Too much competition too many other places,
But not too many horns can make that sound,
Way on down south, way on down south London town…”
(Dire Straits, The Sultans of Swing).
L’entrée est minuscule, coincée entre la Galerie Horizon et l’immeuble voisin; une triste porte vitrée au cadre métallique donne accès sur un vestibule d’un mètre et demi carré, avec l’unique toilette à droite et l’escalier qui mène en bas, à gauche. La rampe etait branlante à l’époque.
Tu descends prudemment les marches assez raides, la rumeur s’amplifie et déjà la fumée t’agresse, mais le son t’attire.
Quelques personnes montent vers la toilette ou bien pour prendre l’air à l’extérieur.
En bas, la salle est noire de monde. Dans le coin, à droite en diagonale, un orchestre joue sous les lumières. Les mains du pianiste volent sur les touches du piano à queue, le batteur et le bassiste l’accompagnent sur un rythme endiablé, le saxophoniste ponctue les temps forts de la mélodie.
Toutes les tables sont occupées et certains clients restent debout par manque de place.
Toi, tu n’en as cure, même sans place assise, tu sais que tu resteras jusqu’à la fin du spectacle.
Ici, c’est ton endroit, tu connais tout le monde, des serveuses aux musiciens en passant par les clients et le patron. Déjà le barman te sourie et hoche la tête en te voyant entrer. Des visages familiers se tournent vers toi ; avec ta haute stature et ton crane rasé on te remarque vite. Clins d’œil, sourire, petits signes de la main à gauche et à droite. Du fond de la salle, Adrian Andries, le propriétaire, t’appelle d’un ample geste du bras.
C’est un personnage haut en couleur, près de soixante ans bien sonnés, chauve, portant des lunettes, le visage orné d’un barbe grise mi-longue, un veston au tissu pied de poule jeté sur les épaules et son éternelle cigarette aux lèvres, il a tout de l’intellectuel.
Et pourtant ! Il est capable d’un langage plus que vert… Si il a trop bu ou bien si son tempérament de sanguin prend le dessus.
Tu te frayes un chemin jusqu’à sa table, saluant au passage l’une et l’autre connaissance.
« Stai jos ! » Te lance-t-il impérativement.
Tu te débarrasses de ta lourde veste en cuir noir et prend place.
Florin, la sentinelle du Jazz lui tient compagnie, barbu lui aussi, mais la s’arrête la différence.
(Pas vraiment, ils aiment tous deux le Jazz et la boisson…).
Tu salues Florin et les autres personnes présentes à la table.
« Mǎi, sǎ stii cǎ sunt muzicieni foarte buni ! » Lâche Adrian.

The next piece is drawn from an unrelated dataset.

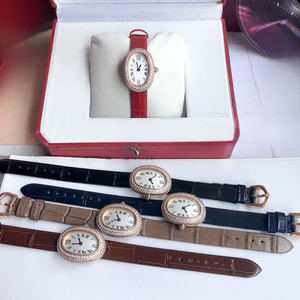 Reloj Mecánico Automático Elegante y a la Moda, Cristal de Zafiro, Opciones de Correa Multicolor, Resistente al Agua - Product Image 1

Apparu promptement, la serveuse te salue souriante et te demande si tu boiras une Leffe blonde comme d’habitude… « Auzi, mǎ! Dai si tu o bere ? » intervient Adrian avec son sans gène habituel. Tu ris. Bien sûr ! (Il est gonflé, le patron ; Non seulement tu viens consommer chez lui, mais en plus c’est lui qui te demande de lui offrir à boire… Mais tu es déjà habitué au folklore local et tu lui fais plaisir de bon cœur.) Du coup tu payes un Gin tonic à Florin, lui qui ne demande jamais rien et qui donne toujours. Florin est un des rares êtres humains avec qui tu partages la Lumière.
L’orchestre est vraiment bon. Vous applaudissez, commentez, discutez, riez et buvez. La fumée emplit le local et l’air est à peu près irrespirable. Les yeux piquent. Mais tu supportes, tu iras prendre l’air à la pause.

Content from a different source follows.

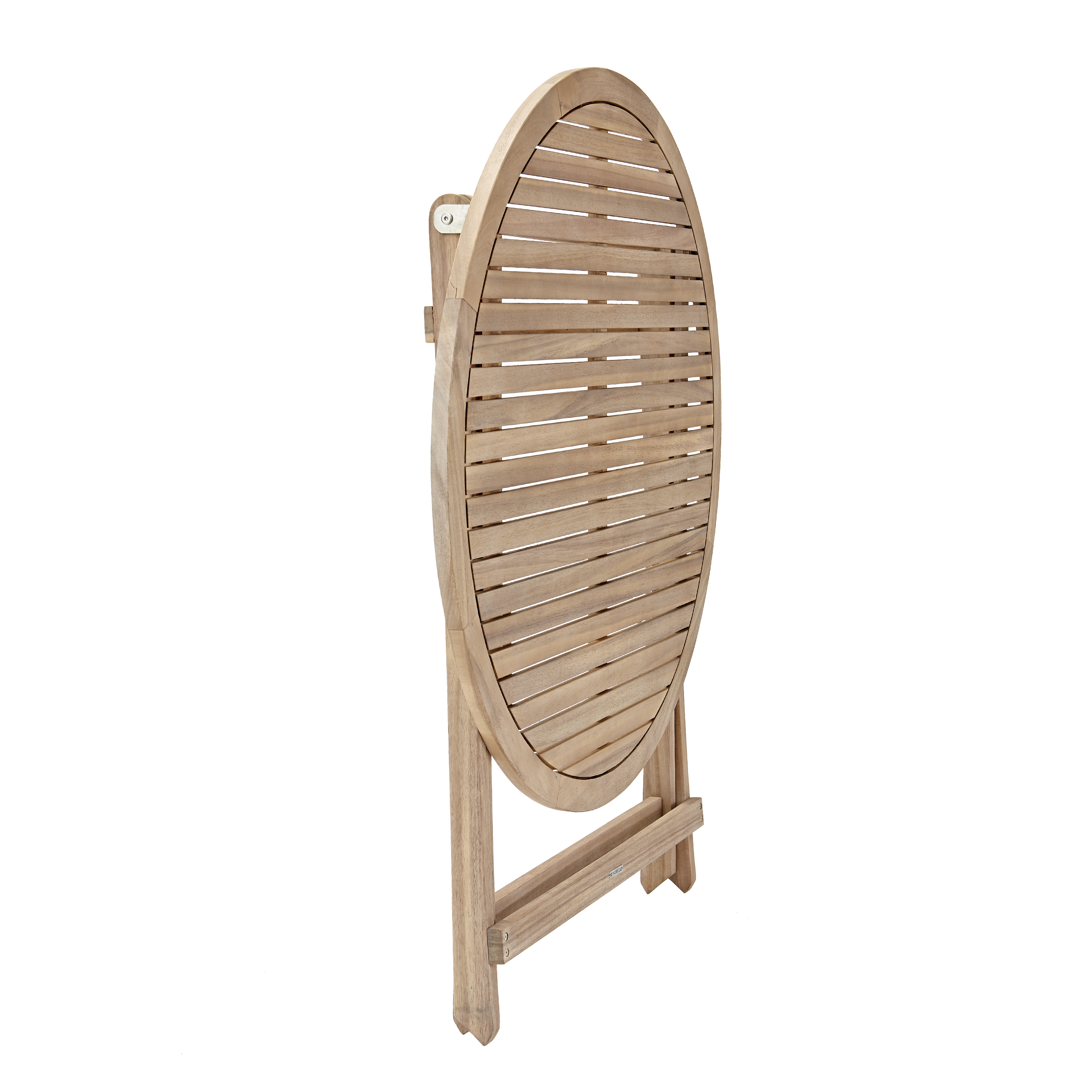 Stół ogrodowy Solis 90 cm drewniany Naterial - 6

Adrian te demandes quand tu recommenceras à donner des spectacles chez lui. Bonne question… C’est à voir… Réponds-tu évasivement avec une pointe d’amertume dans le cœur, te remémorant ces moments magiques passés sur scène avec tes amis musiciens.
Une vague de sentiments te submerge, aussi forte que les regrets. Tu fais un effort pour changer de conversation.
A la pause, tu échanges quelques mots avec plusieurs connaissances et amis du Jazz. Serres la main aux musiciens, les complimentes, prends de leurs nouvelles.
Tu sors à l’air frais. Ca fait du bien, même si c’est l’air pollué de Bucarest…
Tu te laisseras ensuite complètement baigner et emporter par la musique et profiteras avec joie de la convivialité de tes compères.
La fin de la soirée, tu la passeras en compagnies de Florin en longues discussions philosophiques aux profondes visions humanistes.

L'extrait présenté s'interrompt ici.